Nat tossed off the brandy and let the glass roll across the rug. “Let me figure that out,” she said.
CHAPTER IV
Knox hadn’t been in Mexico for some time, and never in this part—along the coast between Tampico and Vera Cruz. He was bouncing over a road that had obviously been built for especially trained mules. Some distance back a sign saying “La Cruz” had turned him from the narrow, roughly paved main road. By now, he thought, he should be very close to the Gulf of Mexico.
It appeared without warning. He nosed over the top of a rise and there was the amazingly blue water spread out in magnificent panorama. At the foot of the hill lay a clustered handful of adobe huts. Knox was a little disappointed in La Cruz, but he had to admire the bay, with a tall, graceful line of palms dipping out over the water and a strip of shining sand curving up almost to the first buildings. The continuation of the hill he had just come over made one arm of the bay; a jetty to which a number of fishing smacks were tied seemed to be the other.
Farther out, Knox could see long, narrow Horsetail Island, and south and somewhat west of it, the fantastic upthrust of black rock that looked as though it were on fire with the plume of fog mushrooming from it. Even in the bright afternoon sunlight, the little island had a foreboding air about it.
Knox wrestled his car down a sandy track toward the town. At the base of the hill, the road branched, going to the left into La Cruz and to the right up the slope again. At the junction was a brightly painted arrow and beneath it, a sign: VIEWHO
USE. THE FISHERMAN’S HOME AWAY FROM HOME. A man in the pajama-like native costume was draped languidly over one corner of the sign. As Knox slowed the car, he straightened up and came forward.
Knox was surprised to see him move. This was the siesta hour, and even so close to the ocean, the air was hot and heavy and the sun scorched down. Knox’s summer suit was plastered to his lean body and he had given up smoking some distance back.
Taking off his sunglasses, he examined the man now leaning in the car window. He was young, although a fierce black mustache gave him a fairly mature appearance. He appeared slim and wiry, a man in his early twenties with good features, large dark eyes, and a thick head of black hair neatly plastered into a ducktail.
“Hi,” he said. “There’s no place to stay in town.

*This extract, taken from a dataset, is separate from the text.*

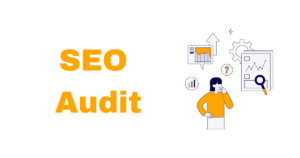 seo audit guide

We got lots of room at the Viewhouse.”
A shill, Knox thought. A barker, a come-on man for a tourist trap on the edge of nowhere. He looked toward the town and decided that the boy might be right. There was no place to stay, unless he could count the lone two-story building on which was painted faintly: CANTINA. ROOMS.
“What is this Viewhouse?” Knox spoke Spanish with ease, but he saw no reason to advertise the fact. Besides, the boy spoke English with a strictly American accent.
“It’s a real joint,” he said. “Brand new. Lots of class.” He was grinning, but his eyes were shrewd, obviously measuring Knox’s expensive suit, his ten thousand dollars’ worth of foreign automobile, and Knox himself. “They got everything you want.”
“Let’s go then.”
The boy went around the car and opened the door. Before he let himself down on the hot leather of the seat, he politely kicked dust from his rope-soled sandals. “Nice,” he said, looking admiringly at the intricate dashboard.
The rough track took them around the brow of the hill. After a brief climb, Knox saw Viewhouse. He stopped the car to gape. Out of sight of the village, but with a sweeping view of the bay, the islands, and a good deal of the Gulf of Mexico, was a dazzling white stucco building. It clung to the hillside, so new that the dirt pushed about by the bulldozers was still raw. A few dusty palms drooped over the largest part. On second look, Knox saw that it was actually a separate building, connected to others behind and above it by roofed walkways, and so set that although it was two stories, the line of buildings above it did not have their views obscured.